Anders, a big, handsome Scandinavian in about his middle 30s, has a nice place in what appears to be a modern, upper-middle class neighborhood. He strongly suggests that if we want to see the impact of the war we should be staying here with him in Vitez instead of going on to Sarajevo. He has, he says, been put in the position here of being the only man who can talk to all three sides, has negotiated successfully with all factions and is now in the position of being sought out as arbiter. With the fighting in Travnik and the problems pursuant to the refugees from Jajce now spilling over into Vitez, this is the place to be.

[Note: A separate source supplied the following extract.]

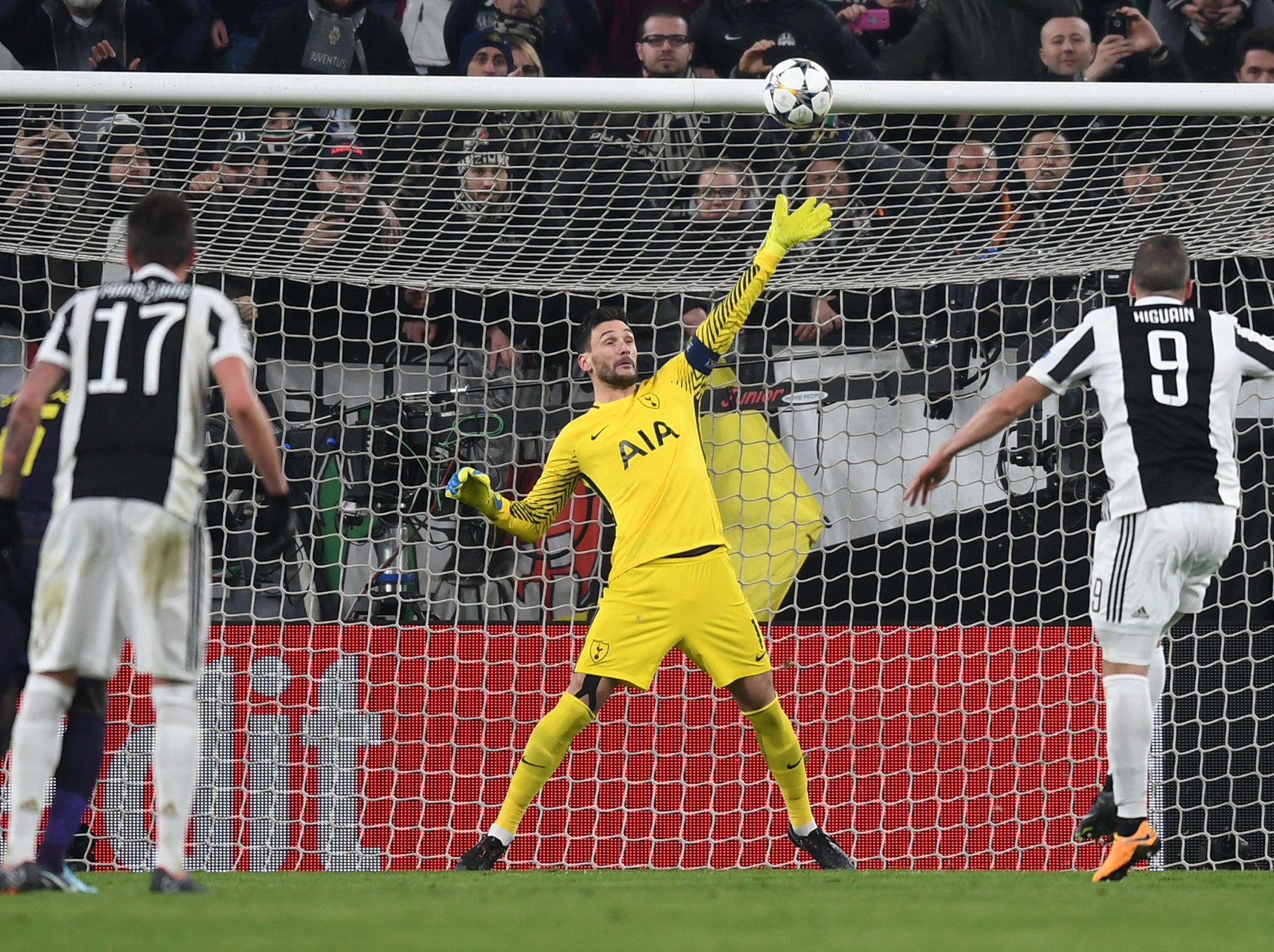 The Argentinian's penalty rattled the crossbar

He makes a good case, obviously feels very strongly, but we've committed ourselves to going on, are expected in Sarajevo and, frankly, after reading as much as we have about it, want to see it for ourselves. The impression is clear that Anders is a bit put out by all the attention going to Sarajevo when so much is happening in other parts of the country. I don't think it's ego on his part so much as it is a desire for more awareness of the problems in this part of the country about which he cares so deeply.
As we're talking there is a knock at the door. One of the city's officials is there with his daughter for a meeting. Anders is embarrassed, having apparently forgotten about it, but we let him off the hook, make our apologies and head for the door. He's to give us a ride to Kiseljak in the morning, so we'll have more time to talk.
The walk back to the hotel is even eerier than before. For one thing, it's just the four of us again and we're new in town. For another, it sounds very much like the small arms fire has come a lot closer. We're quiet on the way back. Fewer laughs.
Once back in the hotel, the sense that the fighting is closer is underscored when a young soldier walks by with a bloody bandage on his head. Since there really isn't much of an option, we trudge up the stairs and head for our beds. It's a weird night. Cold.